__TASK OBJECTIVE__. Transcribe, without any alteration, only the lines that begin at the line containing "Wooden Log Color Cage Pendant Light KL641" and run to the last line below.

(DATA TO EXAMINE)

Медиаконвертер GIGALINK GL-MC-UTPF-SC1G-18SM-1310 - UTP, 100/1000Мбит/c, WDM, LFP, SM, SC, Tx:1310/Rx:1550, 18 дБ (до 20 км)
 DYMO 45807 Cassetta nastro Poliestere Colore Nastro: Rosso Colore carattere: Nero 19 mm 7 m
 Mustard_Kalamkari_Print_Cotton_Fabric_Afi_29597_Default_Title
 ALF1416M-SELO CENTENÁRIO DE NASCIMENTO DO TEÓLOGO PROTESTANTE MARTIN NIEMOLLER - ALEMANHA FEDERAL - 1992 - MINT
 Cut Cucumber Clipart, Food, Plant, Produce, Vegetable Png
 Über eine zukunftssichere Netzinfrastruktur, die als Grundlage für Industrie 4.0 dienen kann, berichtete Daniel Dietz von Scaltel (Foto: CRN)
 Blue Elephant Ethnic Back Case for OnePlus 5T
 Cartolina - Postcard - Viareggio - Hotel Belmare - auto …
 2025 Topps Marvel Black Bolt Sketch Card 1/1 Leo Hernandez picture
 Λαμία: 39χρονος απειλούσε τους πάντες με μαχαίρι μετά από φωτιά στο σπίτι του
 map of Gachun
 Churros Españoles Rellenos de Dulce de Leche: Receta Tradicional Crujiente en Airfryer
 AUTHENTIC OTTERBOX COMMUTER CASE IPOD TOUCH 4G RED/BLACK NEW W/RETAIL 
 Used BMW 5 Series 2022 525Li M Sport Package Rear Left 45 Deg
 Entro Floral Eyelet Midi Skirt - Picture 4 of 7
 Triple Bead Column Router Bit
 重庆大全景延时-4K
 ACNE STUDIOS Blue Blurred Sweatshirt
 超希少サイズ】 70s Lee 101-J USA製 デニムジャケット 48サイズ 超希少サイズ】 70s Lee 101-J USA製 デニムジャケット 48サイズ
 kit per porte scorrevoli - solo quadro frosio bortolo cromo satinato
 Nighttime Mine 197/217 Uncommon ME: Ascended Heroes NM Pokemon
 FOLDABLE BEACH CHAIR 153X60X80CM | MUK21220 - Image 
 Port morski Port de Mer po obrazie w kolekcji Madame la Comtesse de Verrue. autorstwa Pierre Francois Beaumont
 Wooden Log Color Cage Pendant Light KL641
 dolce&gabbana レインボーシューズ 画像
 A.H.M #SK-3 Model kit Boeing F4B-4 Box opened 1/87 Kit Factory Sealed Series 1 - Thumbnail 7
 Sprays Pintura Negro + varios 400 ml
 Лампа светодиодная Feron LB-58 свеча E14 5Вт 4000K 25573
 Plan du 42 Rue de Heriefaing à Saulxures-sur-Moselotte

(End DATA TO EXAMINE)

__SOLUTION__.
 Wooden Log Color Cage Pendant Light KL641
 dolce&gabbana レインボーシューズ 画像
 A.H.M #SK-3 Model kit Boeing F4B-4 Box opened 1/87 Kit Factory Sealed Series 1 - Thumbnail 7
 Sprays Pintura Negro + varios 400 ml
 Лампа светодиодная Feron LB-58 свеча E14 5Вт 4000K 25573
 Plan du 42 Rue de Heriefaing à Saulxures-sur-Moselotte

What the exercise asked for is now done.